If you venture into the heart of Australia, in the centre of the country you will find Alice Springs in the Northern Territory. Despite its extremely remote location, Alice Springs is a modern town with many of the conveniences of much larger towns. The rich culture is a mix of western and Aboriginal, and Alice Springs is home to many Indian, Vietnamese, African and German locals, as well as Australians. Many Aboriginals from a wide area of remote communities will travel to Alice Springs for conveniences, and as a result, a large number of different Aboriginal groups are also represented here. The result is a vibrant and diverse community which embraces the variety of different cultures and backgrounds, and the unique identity of the town.
Alice Springs is known as Mparntwe to the traditional owners, the Arrernte people. They own much of the surrounding land and have inhabited the area for thousands of years. They were the first inhabitants of Alice Springs, and there are many sacred sites in the area. The Arrente language means much more to them than just the way that they speak – it reflects who they are, their cultural identity, and their belief systems. Around 25% of the Alice Springs population speak Arrente as a first language.

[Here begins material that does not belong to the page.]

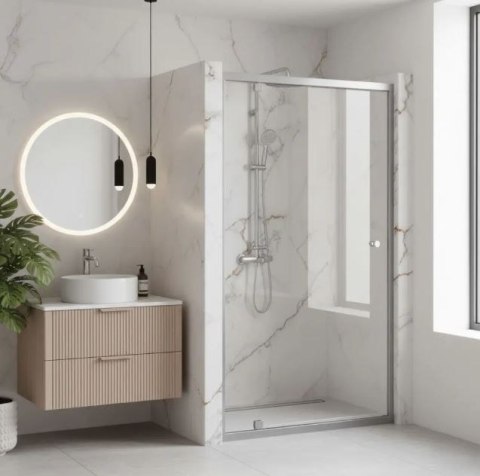 DRZWI PRYSZNICOWE PRIMO SWING CHROM 100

Dreamtime is a crucial aspect of Aboriginal culture, and it refers to the very beginning when it is believed that the Spirits created the land and the people, and gave each tribe its land. Dreamtime relates to the most important beliefs of Aboriginal people, including everything from their spiritual beliefs to their existence. It is believed that the ancestors created particular sites so that the Aboriginal people would know which places were sacred, and respecting these places is essential. These stories are passed down from generation to generation, and they form the basis for Aboriginal culture and determine how Aboriginal people live their lives.
The Yeperenye (caterpillar) Dreaming story tells us how the Alice Springs region was created by giant caterpillars. The caterpillars lost a battle with their enemies, the stink bugs, and then the caterpillars became the beautiful ridges of the East and West MacDonnell Ranges, which shelter the town. The gaps in the range are said to have been created when caterpillars’ heads were bitten off by stink bugs.
Alice Springs consists of a unique mix of developed areas and sacred sites, and the sacred sites are spiritual centres for animals and plants as well as Aboriginal people. A sacred site is formed by events told in Dreamtime stories, and ceremonies relating to the event may be held at the sites or close by. Some sacred sites are male sites, which females are forbidden from entering, and some are female sites which men are not allowed to enter. Alice Springs and the surrounding area are home to over 100 sacred sites, making it one of the most densely populated areas for sacred sites in the Northern Territory. Aboriginals believe that any damage or disturbance to these sites can lead to serious danger for the community, however many sacred sites around Alice Springs have already been lost to development. This makes the remaining sites even more precious.
The Araluen Precinct is set amongst several sites of cultural significance. These include two hills known as the Yaye and the Yaye Akweke – big sister hill and little sister hill, as well as a sacred corkwood tree which is 300 years old. Dreamtime stories tell us that the two hills represent two sisters who were travelling from the West, and decided to rest at this site. They kept an eye on an old man who was following them as they rested, before continuing North along the Todd River. Visitors are asked to refrain from climbing the hills, as they are culturally significant. The corkwood tree is also part of the story, and it stands watch over the area.
Another story tells of Akngwelye, a local dog who fought with an intruder and ripped out the intestines of the enemy, leading to the creation of many natural features of the area. Akngwelye is now said to be embodied in the striking peak of Mt. Gillen.
Respecting Aboriginal culture as a traveller
When travelling to Aboriginal areas, it is important to respect local traditions and values. Some sites which have spiritual significance may be restricted, including popular tourist attractions. You may also require a permit or permission to enter certain communities. When you are visiting an Aboriginal community, it is advisable to wait until you are asked before you approach any homes or people, and be aware that some Aboriginal people do not want to have their photo taken due to their beliefs.
Aboriginal people have a spiritual connection to their land and the surrounding nature, which must be respected. Elements such as rocks should never be removed without permission from the traditional owners. Stones and twigs should not be kicked, moved or broken, and extra care should be taken when driving to avoid harming any wildlife. Essentially, the natural environment should not be altered in any way.
Experiencing Aboriginal culture in Alice Springs
Being an area of such cultural significance, Alice Springs is an ideal place to learn more about Dreamtime stories, ancient myths, and Aboriginal art. The town is home to outstanding art galleries and cultural museums which allow you to do just that.
Venture out towards Ewaninga Conservation Reserve to view rock carvings and petroglyphs carved into sandstone, which are thousands of years old. Or wander through Araluen Cultural Precinct to better experience the spiritual connection that the Arrernte people have to the land, and view the seven sacred sites.
Guided tours of Alice Springs and the surrounding area allow you to learn about Aboriginal culture and Dreamtime stories, whilst experiencing bush food with a local guide.
Finally, you might opt to take a guided tour of an Aboriginal community, where you can hear their stories, eat bush tucker delicacies, observe local artists at work, and enjoy guided walks to sacred, historical sites.